Cinco años después, aquel horizonte de esperanza ha desaparecido. Y lo que hay es tierra quemada. Mucha tierra quemada. La división ha hecho mella y la política se ha convertido en politiquería. Había un 52% a favor de la independencia en las urnas en febrero de 2021, un resultado histórico que nunca antes se había producido. Hoy aquel esfuerzo se ha malbaratado. Lo hemos visto estos días en vivo y en directo con escenas más propias de un parvulario que de un país que aspira a la independencia. ¿Cómo se podrá convencer a más ciudadanos de que han de sumarse a las fuerzas favorables a la independencia si entre ellos no son capaces de ponerse de acuerdo para gobernar? Decía De Gaulle en plena Segunda Guerra Mundial una frase que se ha hecho célebre: "Cuando tengo razón, me enojo. Churchill se enoja cuando se equivoca. Estamos enojados el uno con el otro la mayor parte del tiempo". Así están Esquerra Republicana y Junts per Catalunya y, por ende, muchos de sus dirigentes obsesionados en ganar su relato particular antes que el relato de todos.

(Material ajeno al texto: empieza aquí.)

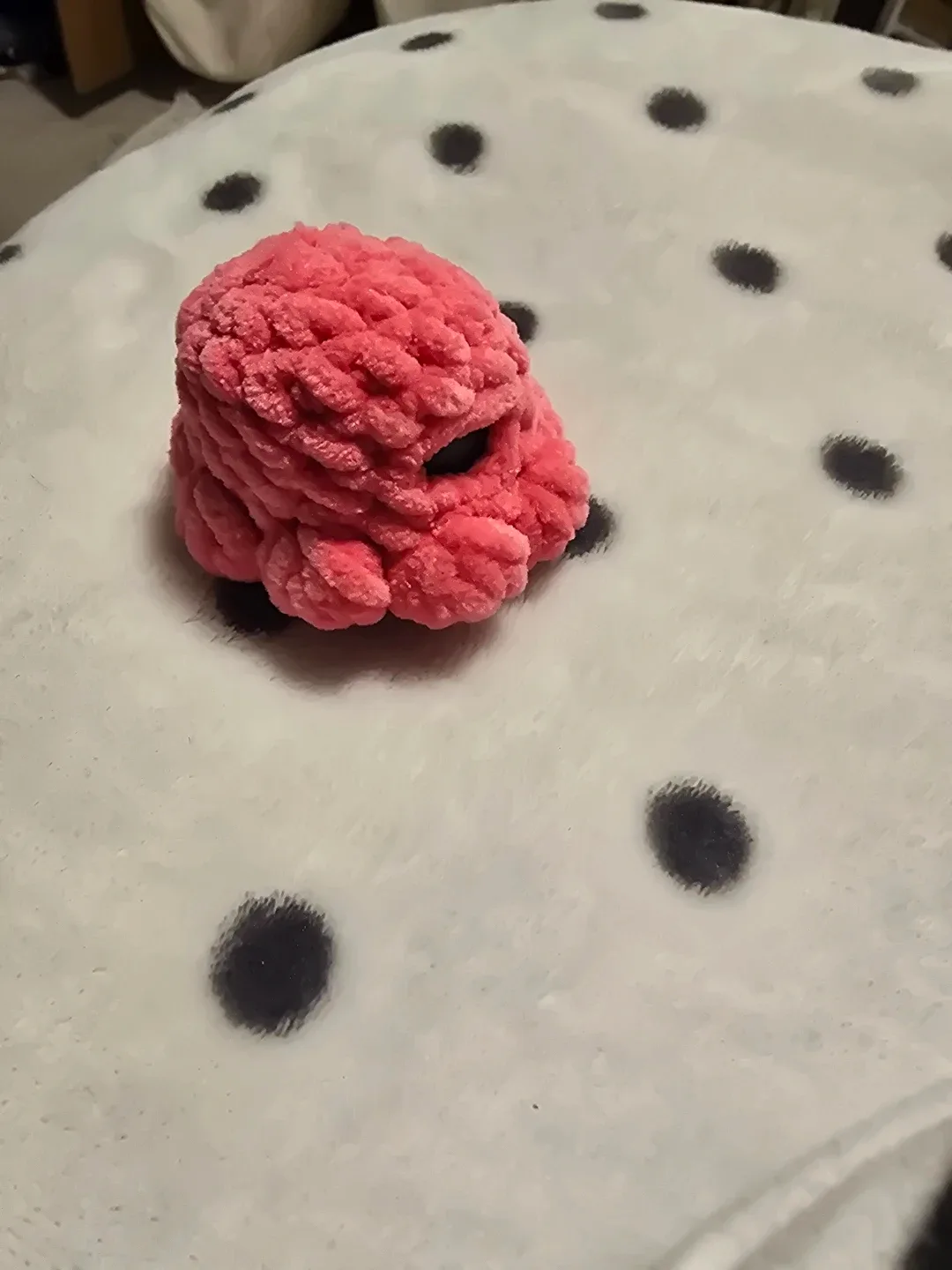 Pink Crochet Octopus Squishy image indicator(2)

No deja de ser sorprendente las pocas lecciones aprendidas de aquel octubre de 2017. Cada uno se ha quedado de aquella fecha histórica la parte que mejor podía explicar a su parroquia cuando la gente lo que ha preservado es la unidad. No hay concentración en que la palabra unidad no sea uno de los lemas más coreados por los asistentes. Nadie quiere la división más que los unionistas, ya que sería su gran victoria rompiendo la mayoría parlamentaria. Darles este triunfo es una irresponsabilidad y un error histórico que no dejará vencedores sino solo derrotados. Igual que son recordados los nombres que aunaron esfuerzos para el 1-O serán recordados los líderes de la ruptura. Que nadie tenga ninguna duda. Porque la ciudadanía tiene memoria, aunque se le aplique en ocasiones un apagón informativo. No estamos a mediados del siglo pasado, ni en los años 70 y 80 en que los filtros enviaban el mensaje que el poder quería.
La unión hace la fuerza y la discordia debilita, ya decía Esopo varios siglos antes de Cristo. Y nada ha cambiado por más que muchos se piensen que son El Mago Pop y que pueden hacer números de prestidigitación sin que el personal se dé cuenta.